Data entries

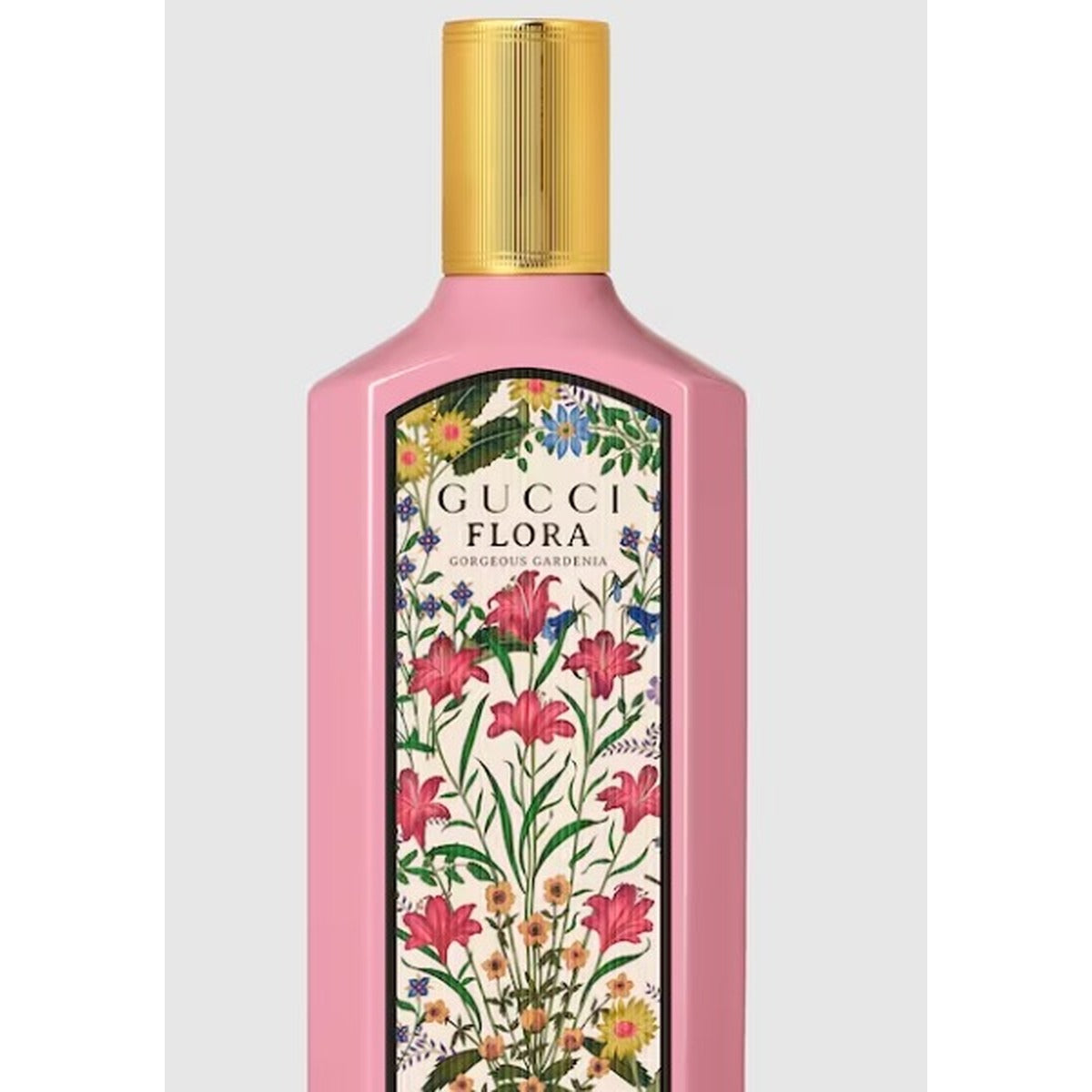 Gucci Flora Gorgeous Gardenia EDP 3.3oz - view 3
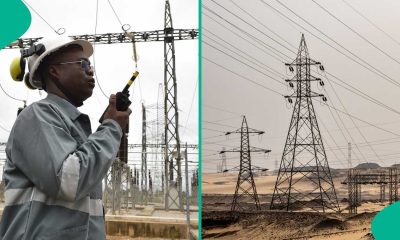 TCN announces 4-hour blackout in parts of Lagos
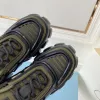 Prada Shoes for Mens Prada Sneakers #A56883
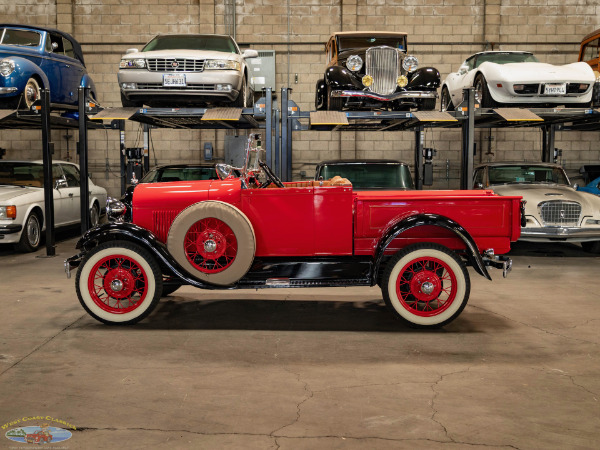 Used 1929 Ford Roadster Pick Up  | Torrance, CA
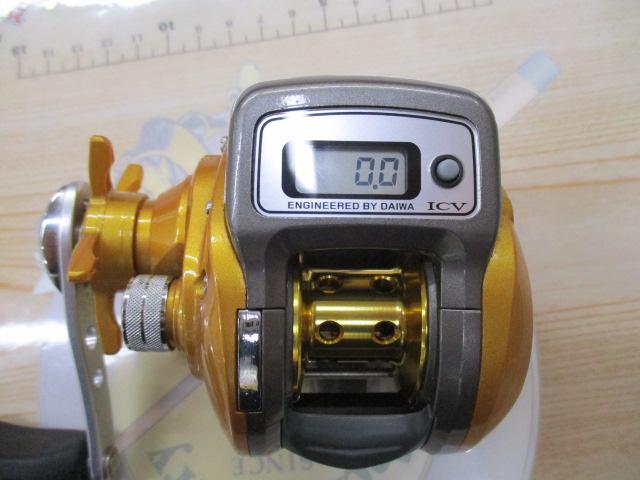 イッツ ICV 150L イッツICV 150L｜＠ベリーネット 日本最大新品中古釣具WEBショップ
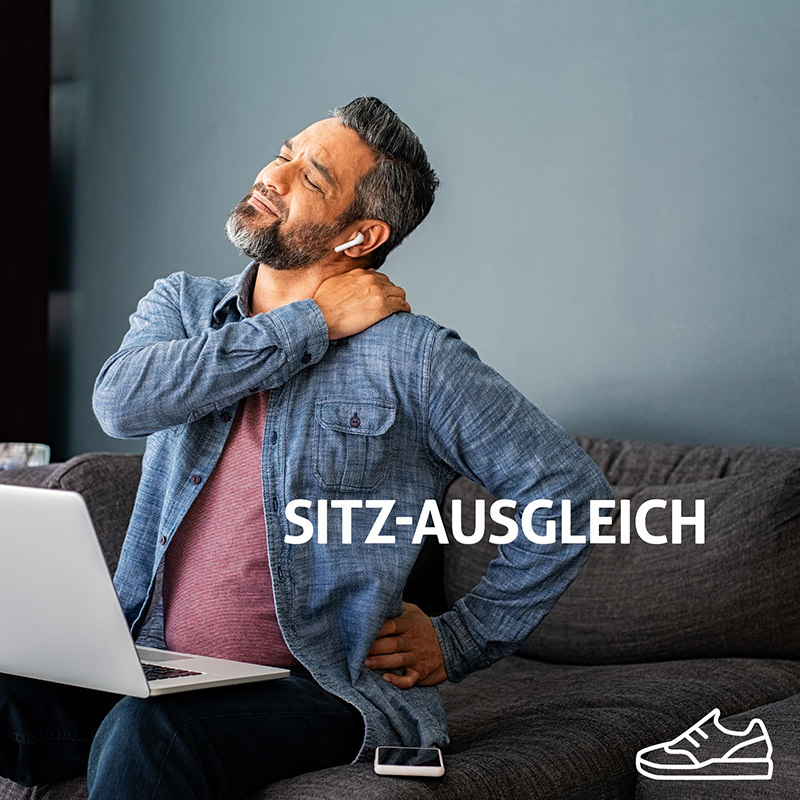 Sitz-Ausgleich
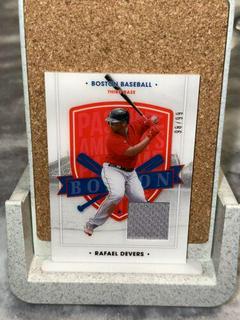 Rafael Devers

**Directions**
Copy every record exactly; no pictures.

**Task result**
 Gucci Flora Gorgeous Gardenia EDP 3.3oz - view 3
 TCN announces 4-hour blackout in parts of Lagos
 Prada Shoes for Mens Prada Sneakers #A56883
 Used 1929 Ford Roadster Pick Up  | Torrance, CA
 イッツ ICV 150L イッツICV 150L｜＠ベリーネット 日本最大新品中古釣具WEBショップ
 Sitz-Ausgleich
 Rafael Devers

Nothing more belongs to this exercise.